## Task brief
Exactly the lines from the start of the data below through the line containing "Ombré Effect Straight" must be returned, and no others.

Short text fragments from websites
-=-=-=-=-
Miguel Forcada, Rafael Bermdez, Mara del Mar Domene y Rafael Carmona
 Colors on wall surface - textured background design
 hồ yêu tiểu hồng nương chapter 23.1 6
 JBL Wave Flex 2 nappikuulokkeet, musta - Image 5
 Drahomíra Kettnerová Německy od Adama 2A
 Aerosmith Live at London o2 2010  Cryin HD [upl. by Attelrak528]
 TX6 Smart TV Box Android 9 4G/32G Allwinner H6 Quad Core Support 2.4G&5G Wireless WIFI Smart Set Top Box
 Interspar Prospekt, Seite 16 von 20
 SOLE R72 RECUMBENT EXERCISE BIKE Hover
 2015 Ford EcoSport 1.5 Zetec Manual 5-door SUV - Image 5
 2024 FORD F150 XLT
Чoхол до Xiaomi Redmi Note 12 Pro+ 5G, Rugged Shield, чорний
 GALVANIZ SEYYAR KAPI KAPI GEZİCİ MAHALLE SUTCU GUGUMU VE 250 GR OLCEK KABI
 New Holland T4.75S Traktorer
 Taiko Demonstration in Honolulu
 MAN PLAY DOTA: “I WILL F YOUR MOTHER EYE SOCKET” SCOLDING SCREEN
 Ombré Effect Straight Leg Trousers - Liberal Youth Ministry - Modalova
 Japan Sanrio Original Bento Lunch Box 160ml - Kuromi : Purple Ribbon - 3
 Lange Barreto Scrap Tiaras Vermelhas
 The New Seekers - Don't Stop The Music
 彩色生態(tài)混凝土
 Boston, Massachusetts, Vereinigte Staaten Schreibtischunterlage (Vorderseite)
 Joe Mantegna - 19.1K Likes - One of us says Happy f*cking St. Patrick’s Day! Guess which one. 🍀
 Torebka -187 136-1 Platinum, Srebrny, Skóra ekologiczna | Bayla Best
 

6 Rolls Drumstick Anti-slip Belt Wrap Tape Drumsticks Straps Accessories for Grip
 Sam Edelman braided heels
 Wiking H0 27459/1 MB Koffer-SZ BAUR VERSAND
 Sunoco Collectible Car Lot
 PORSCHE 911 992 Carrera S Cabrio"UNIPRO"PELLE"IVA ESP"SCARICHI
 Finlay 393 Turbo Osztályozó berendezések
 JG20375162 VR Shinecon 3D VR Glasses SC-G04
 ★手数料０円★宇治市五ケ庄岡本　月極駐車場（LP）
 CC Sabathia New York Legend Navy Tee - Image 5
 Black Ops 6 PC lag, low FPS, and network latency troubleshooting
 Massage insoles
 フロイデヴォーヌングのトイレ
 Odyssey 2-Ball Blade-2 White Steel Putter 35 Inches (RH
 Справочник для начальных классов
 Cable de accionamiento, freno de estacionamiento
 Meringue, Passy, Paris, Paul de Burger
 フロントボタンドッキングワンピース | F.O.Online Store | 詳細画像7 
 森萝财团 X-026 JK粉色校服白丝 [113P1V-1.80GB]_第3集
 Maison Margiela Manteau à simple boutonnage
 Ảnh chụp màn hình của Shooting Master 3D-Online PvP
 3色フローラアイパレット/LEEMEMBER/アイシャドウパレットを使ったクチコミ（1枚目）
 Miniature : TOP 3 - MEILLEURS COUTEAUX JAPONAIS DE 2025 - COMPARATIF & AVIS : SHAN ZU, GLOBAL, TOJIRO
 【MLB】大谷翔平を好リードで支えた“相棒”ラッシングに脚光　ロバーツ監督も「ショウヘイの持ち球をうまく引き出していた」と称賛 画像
-=-=-=-=-
## Solution to this task
Miguel Forcada, Rafael Bermdez, Mara del Mar Domene y Rafael Carmona
 Colors on wall surface - textured background design
 hồ yêu tiểu hồng nương chapter 23.1 6
 JBL Wave Flex 2 nappikuulokkeet, musta - Image 5
 Drahomíra Kettnerová Německy od Adama 2A
 Aerosmith Live at London o2 2010  Cryin HD [upl. by Attelrak528]
 TX6 Smart TV Box Android 9 4G/32G Allwinner H6 Quad Core Support 2.4G&5G Wireless WIFI Smart Set Top Box
 Interspar Prospekt, Seite 16 von 20
 SOLE R72 RECUMBENT EXERCISE BIKE Hover
 2015 Ford EcoSport 1.5 Zetec Manual 5-door SUV - Image 5
 2024 FORD F150 XLT
Чoхол до Xiaomi Redmi Note 12 Pro+ 5G, Rugged Shield, чорний
 GALVANIZ SEYYAR KAPI KAPI GEZİCİ MAHALLE SUTCU GUGUMU VE 250 GR OLCEK KABI
 New Holland T4.75S Traktorer
 Taiko Demonstration in Honolulu
 MAN PLAY DOTA: “I WILL F YOUR MOTHER EYE SOCKET” SCOLDING SCREEN
 Ombré Effect Straight Leg Trousers - Liberal Youth Ministry - Modalova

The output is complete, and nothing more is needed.